But Libyan history suggests that we may have more to fear from an unstable and 
divided Libya than we do from the Islamists that would seek to unite the 
country.

Islam has always been close to power in Libya, either as its dominant force or 
its unquiet conscience. The religion itself has deep roots in Libyan soil: the 
country has been Islamic since the armies of Islam swept across north Africa in 
the 7th century, and Libya was later ruled by a succession of Islamic dynasties.

During the colonial period - first under the Ottoman Empire in the 19th century 
and during Italian rule in the 20th - Islam provided the guns for resistance, 
and the unifying impetus behind calls for Libyan independence.

When Libya became independent in 1951, its first leader, King Idris, was the 
head of the Islamic sect that had - with words and guns - led the ultimately 
successful resistance against both Ottoman and Italian rule. He was an inept 
administrator, but he was a great friend of the West and a symbol of moderate 
political Islam.

Whatever was happening in the halls of Libyan power, the most popular form of 
Islam in the country has always derived from the Maliki rite of Islamic 
thought, a strain of Islamic teaching that preaches tolerance and the primacy 
of the Koran.

Islam as tolerance, as a faith of rebellion and Libyan power: from this Islam, 
the West has little to fear.

But where Libya's Islamic story becomes complicated - and indeed where most 
Libyan stories become complicated - is when Colonel Gaddafi seized power in 
1969. Among his first edicts was to strip most Islamic clerics of their powers 
and put in their place compliant imams who supported his rule.

At the same time, he extolled the virtues of Islam and, in the absence of a 
formal constitution, declared the Koran to be the country's official 
constitution. The Colonel professed to be a devout Muslim, made frequent 
reference to Islam in his speeches, and promoted Koranic studies.

For Gaddafi, Islam was a tool of legitimacy. But it would also prove to be his 
greatest weakness.

For most ordinary Libyans, their Islam differed from that of Gaddafi and it 
became a refuge from the caprices of his rule. Today, 97 per cent of Libyans 
are Sunni Muslims. Most strictly observe the tenets of the holy month of 
Ramadan. Most obey the Koranic tenet to pray five times a day.

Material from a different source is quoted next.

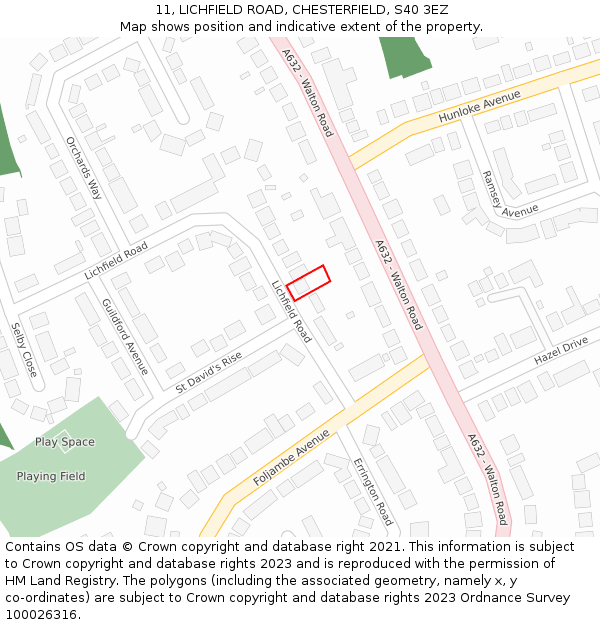 11, LICHFIELD ROAD, CHESTERFIELD, S40 3EZ: Location map and indicative extent of plot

And most profess 
allegiance to the tolerant Islam of their forebears.

At the same time, a handful of Libyans followed the long-standing Libyan 
tradition of resisting what they considered to be godless rule. Throughout its 
42 years in power, the Gaddafi regime battled sporadically against Islamic 
opposition groups. Many of those who took up arms against Gaddafi in the name 
of Islam had been forged into soldiers on the battlefields of Afghanistan. 
These are the men who seek to lead the new Libya.

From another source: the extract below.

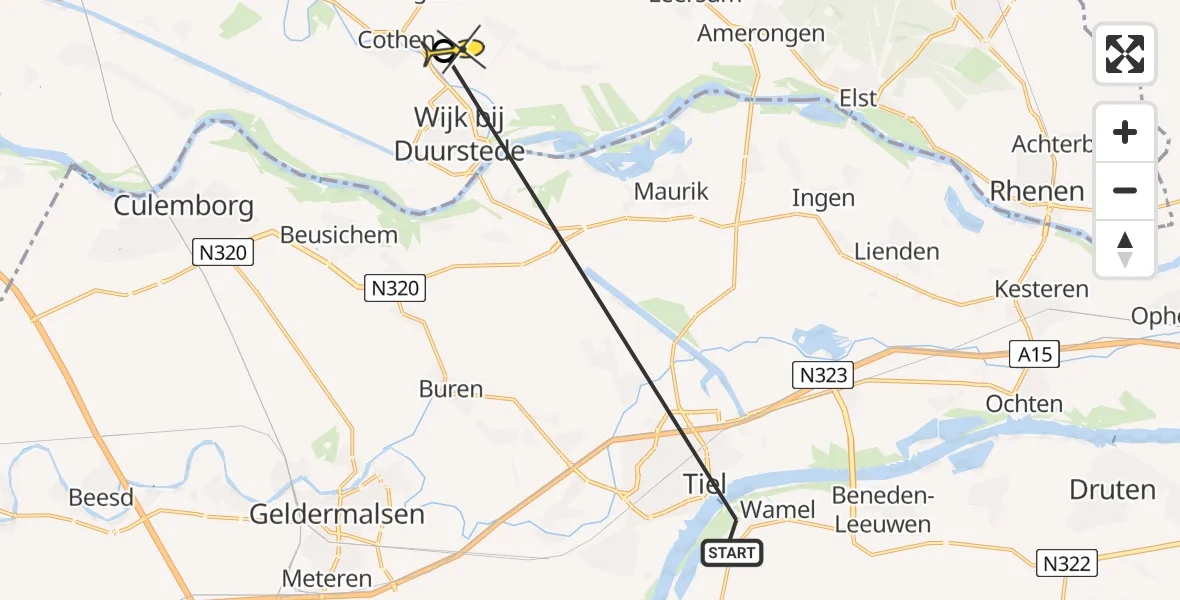 Routekaart van de vlucht: Politiehelikopter naar Wijk bij Duurstede, Landscheidingsweg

It is not yet clear whether the moderate Islam professed by many Libyans will 
temper the more militant urges of the former Islamist rebels who were 
radicalised under Gaddafi's rule. But the early pronouncements of the latter 
provide many reasons for hope.

One of the most prominent figures in Tripoli in the post-Gaddafi era has been 
Abdel Hakim Belhaj, the head of the Tripoli Military Council, which serves as 
the de facto ''national'' army in the capital. Belhaj is a former leader of the 
Libyan Islamic Fighting Group, which was once aligned with al-Qaeda; he was 
handed over to the Libyan authorities by the CIA in 2004 and was held in 
Tripoli's Abu Salim prison until last year.

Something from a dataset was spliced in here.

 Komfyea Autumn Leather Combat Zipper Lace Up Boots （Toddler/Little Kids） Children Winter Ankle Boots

And yet, Belhaj has promised to lay down his weapons and join the democratic 
process once the situation in the country stabilises. He has also promised to 
work for ''a civil state that respects the law and rights''.

One of Belhaj's closest lieutenants is another avowed Islamist, Sheikh Khaled 
Sherrif. Despite having publicly rejected democracy and advocated jihad in the 
past, Sheikh Khaled recently told the BBC that ''dialogue is the best way … The 
Libyan people need space to choose the kind of government they want. We will be 
with them on this journey. No one should force anything on the Libyan people.''

Sheikh Khaled admits to having met Osama bin Laden, but does not shy away from 
his controversial past: ''We knew Osama bin Laden in Afghanistan but all we had 
in common with him was that we were in the same country. We discussed his 
attacks on the West, but we did not contribute to it. We kept our independence 
and our own views.''

And despite a deeply troubled relationship with the West - he was held for two 
years by the Americans at Bagram air base in Afghanistan and claims to have 
been tortured during his imprisonment - Sheikh Khaled has shown a remarkable 
willingness to seek reconciliation with the international community.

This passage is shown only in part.